However, output fell in the latest quarter as they grappled with the fall-out from the economic slowdown, which took a toll on sales earlier in previous months.
The latest edition of the Industrial Trends survey by the CBI in Scotland points to a marked improvement in trading conditions for manufacturers in the latest quarter, which was reflected in a big increase in confidence
The employers' organisation found a balance of 15% of respondents reported an increase in new orders in the quarter.
This followed five successive quarters of falling orders. With a balance of 16% reporting a rise in export orders, compared with 15% in the previous quarter, CBI Scotland said concerns about political conditions in key export markets have eased.
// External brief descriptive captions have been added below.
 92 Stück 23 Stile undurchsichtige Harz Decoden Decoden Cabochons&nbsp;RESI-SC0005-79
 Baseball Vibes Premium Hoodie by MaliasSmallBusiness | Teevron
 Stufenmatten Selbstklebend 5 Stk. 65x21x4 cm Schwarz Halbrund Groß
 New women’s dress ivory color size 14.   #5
Director of CBI Scotland, Iain McMillan, said: "This survey also provides further evidence that the domestic economy is improving, after a long and difficult period for industrial firms."
A balance of 7% of firms reported an increase in domestic orders rather than a fall.
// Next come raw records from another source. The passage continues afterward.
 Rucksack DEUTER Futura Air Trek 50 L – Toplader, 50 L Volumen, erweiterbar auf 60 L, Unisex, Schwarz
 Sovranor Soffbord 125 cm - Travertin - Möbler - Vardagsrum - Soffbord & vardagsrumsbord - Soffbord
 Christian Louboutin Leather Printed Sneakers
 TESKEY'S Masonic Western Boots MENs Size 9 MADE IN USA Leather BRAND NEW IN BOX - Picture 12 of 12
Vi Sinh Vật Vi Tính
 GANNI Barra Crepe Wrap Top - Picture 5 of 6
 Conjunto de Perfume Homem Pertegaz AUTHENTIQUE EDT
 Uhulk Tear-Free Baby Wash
In the five previous quarterly surveys, more firms reported a fall in domestic orders than an increase.
Respondents thinks conditions will improve, with a balance of 31% expecting orders to increase.
A balance of 21% of respondents said they were more optimistic about the business situation than three months ago, compared with 8% in the previous survey.
However, other findings suggest sector players still face big challenges. A negative balance of 7% reported that output fell in the latest quarter.
Some 67% said they are still working below capacity, compared with 68% in the previous quarter.
CBI Scotland said investment intentions for the year ahead remain mixed.
While a balance of firms plan to increase investment in innovation and training more respondents plan to cut spending on buildings and machinery than to increase it.
A balance of 21% expect their production costs to increase.
"High costs continue to pose a threat," said Mr McMillan.
He added: "Scottish industry needs to fight hard for every sale, and companies need to ensure that they are internationally competitive going forward. Policy makers at all levels can assist by keeping down costs which affect firms and by making it as easy as possible for firms to invest and export."
A balance of 6% of respondents expect to increase output in the current quarter.
The latest quarterly survey by Scottish Chambers of Commerce found there was a significant increase in confidence levels among manufacturers in the three months to September.
The organisation found orders rose at the strongest rate since the third quarter of 2007, before the recession that was triggered by the financial crisis.
The results of recent Purchasing Managers Index surveys by Bank of Scotland suggest growth in the private sector economy accelerated in the third quarter.